» **PROBLEM DESCRIPTION**
In the entries that follow, find the line containing "Modern Islamic background" and the line containing "Layered Sheer Ruffle Mini Skort", then retype exactly the lines from the first through the second, pictures excluded.
════
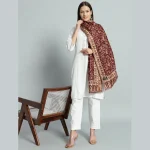 Women's Party Wear Maroon Paisley Stole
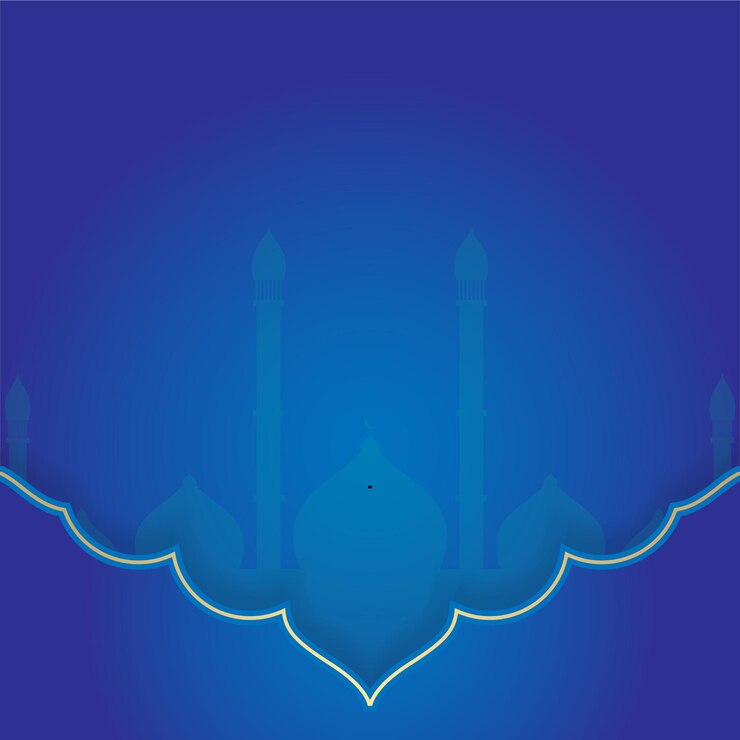 Modern Islamic background template combination of ornament with mosque illustration design blue texture designs to commemorate celebrations about Islam Ramadan and elegant greeting card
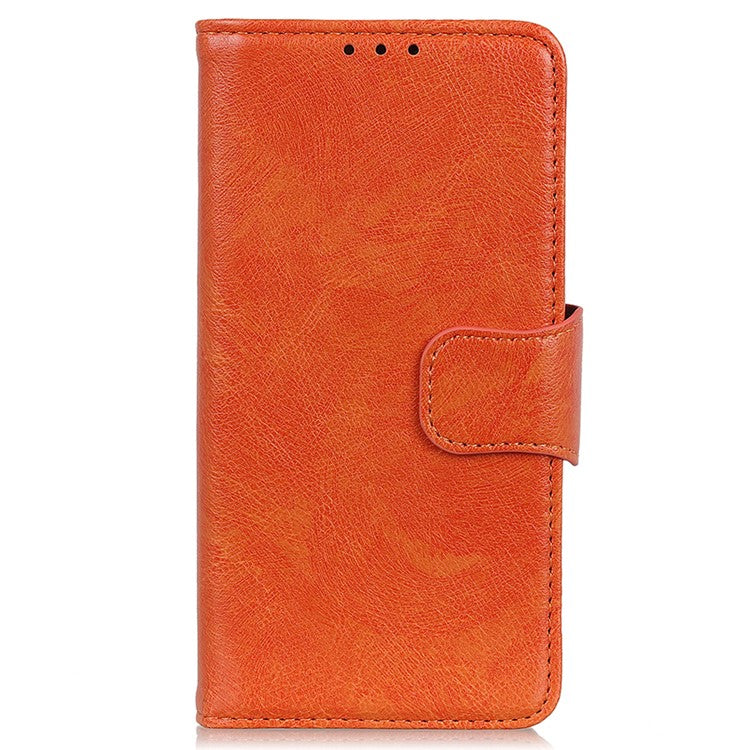 For OnePlus Nord CE3 5G Split Leather Wallet Case Nappa Texture Phone Cover with Stand Function - Orange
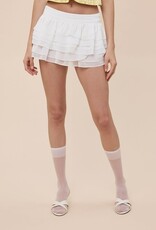 Layered Sheer Ruffle Mini Skort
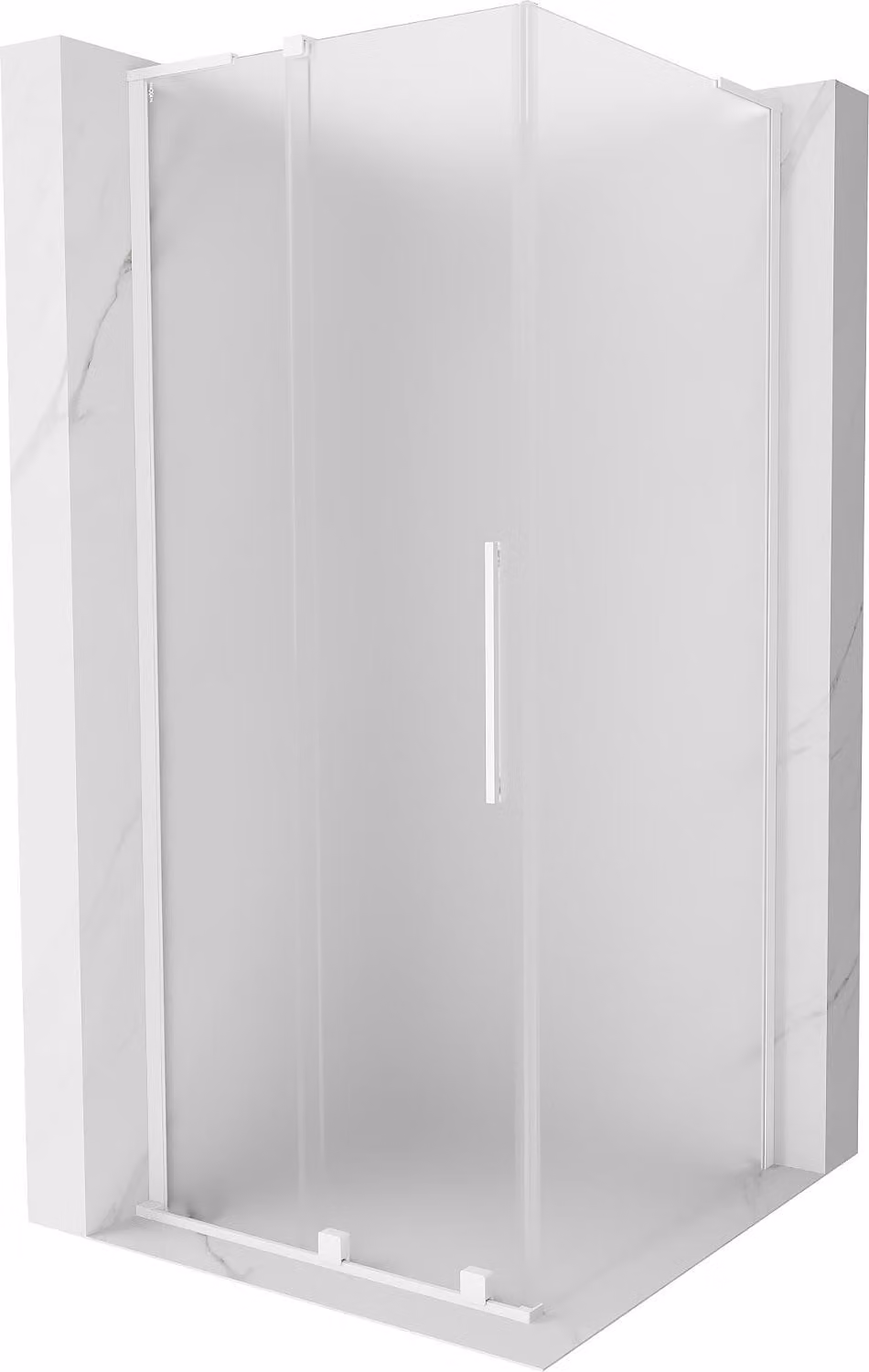 Mexen Velar L cabina doccia scorrevole 90 x 90 cm, brina, bianca - 871-090-090-33-20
════
» **RESPONSE**
 Modern Islamic background template combination of ornament with mosque illustration design blue texture designs to commemorate celebrations about Islam Ramadan and elegant greeting card
 For OnePlus Nord CE3 5G Split Leather Wallet Case Nappa Texture Phone Cover with Stand Function - Orange
 Layered Sheer Ruffle Mini Skort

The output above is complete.